The French Securities Regulator (Autorité des marchés financiers or AMF) has cleared the offer of Axel Springer for all outstanding shares of SeLoger.com, the leading French property classifieds portal. Axel Springer offers all shareholders of SeLoger.com EUR 34.00 per share in cash, valuing the company at a total of EUR 566 million.
The AMF will set the timetable for the public tender offer shortly. With the approval of the transaction by the French Competition Authority on November 3, 2010, the offer has become unconditional.
Ralph Büchi, President Axel Springer International at Axel Springer AG: “Now the decision is solely up to the shareholders of SeLoger.com. They have the opportunity to sell their shares at a price of EUR 34.00 per share and realize an attractive cash consideration.”

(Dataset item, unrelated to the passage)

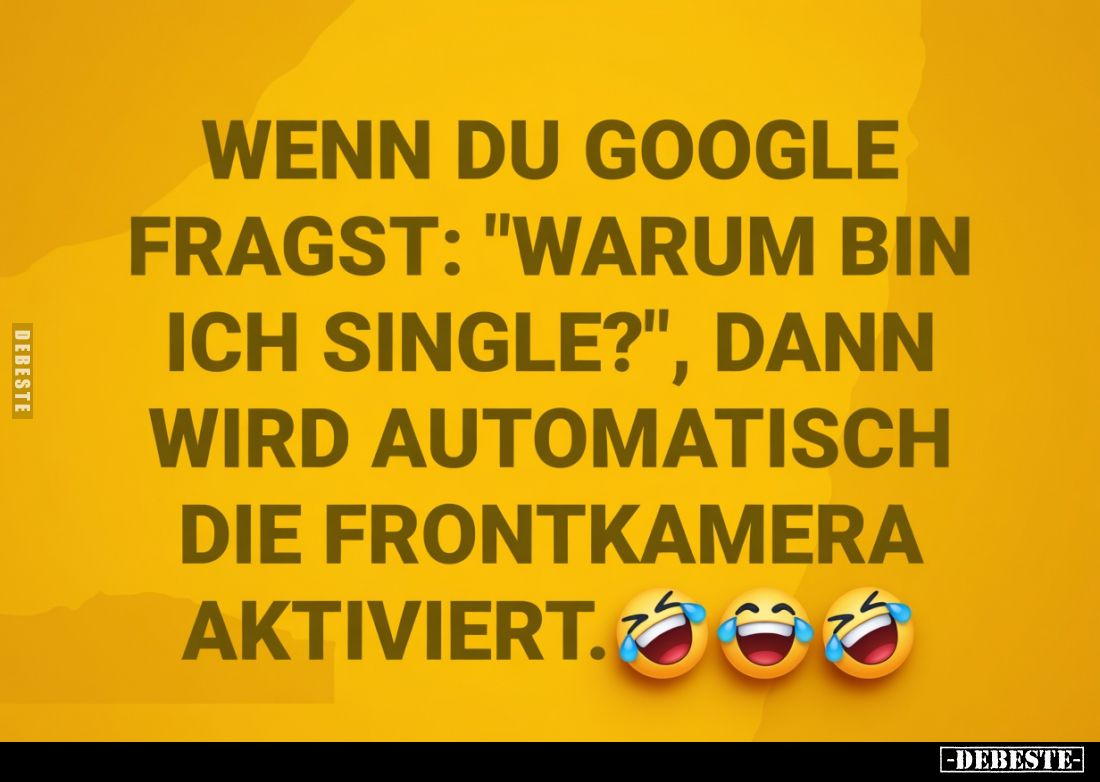 Wenn du Google fragst: "Warum bin ich single?", dann wird automatisch die Frontkamera aktiviert.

Büchi added: “We continue to believe that we can be a valuable shareholder for SeLoger.com. Axel Springer has considerable digital expertise, a reach throughout all major European markets and strong financial capabilities. We will therefore be able to support SeLoger.com in its further development both in France and abroad, in case the management team of the company should decide to pursue a strategy of internationalization.”
Axel Springer already holds a 12.4 percent stake in SeLoger.com acquired from a group of shareholders, including the founders Amal Amar and Denys Chalumeau as well as other members of the supervisory board and the management board.
This press release is available in German, English and French for downloading on www.axelspringer-offer-seloger.com .
The offer document is available on the website of Axel Springer (www.axelspringer.com/investors ) and the Autorité des marchés financiers (www.amf-france.org ) and may be obtained free of charge from BNP Paribas (4 rue d'Antin, 75002 Paris).
This communication is for informational purposes only. It is not the extension of a tender offer for any securities nor an offer to purchase, sell or exchange (or the solicitation of an offer to sell, purchase or exchange) any securities in any jurisdiction, including the United States. There may be no such offer (or solicitation), purchase, sale or exchange of any securities, and the tender offer referred to herein may not be extended, in any jurisdiction outside the French Republic, where it would be unlawful absent prior registration, filing or qualification under applicable laws, including the United States, Canada, Italy and Japan. The distribution of this communication may be restricted by law in certain jurisdictions. Accordingly, persons in whose possession it comes are required to inform themselves of and observe any such restrictions.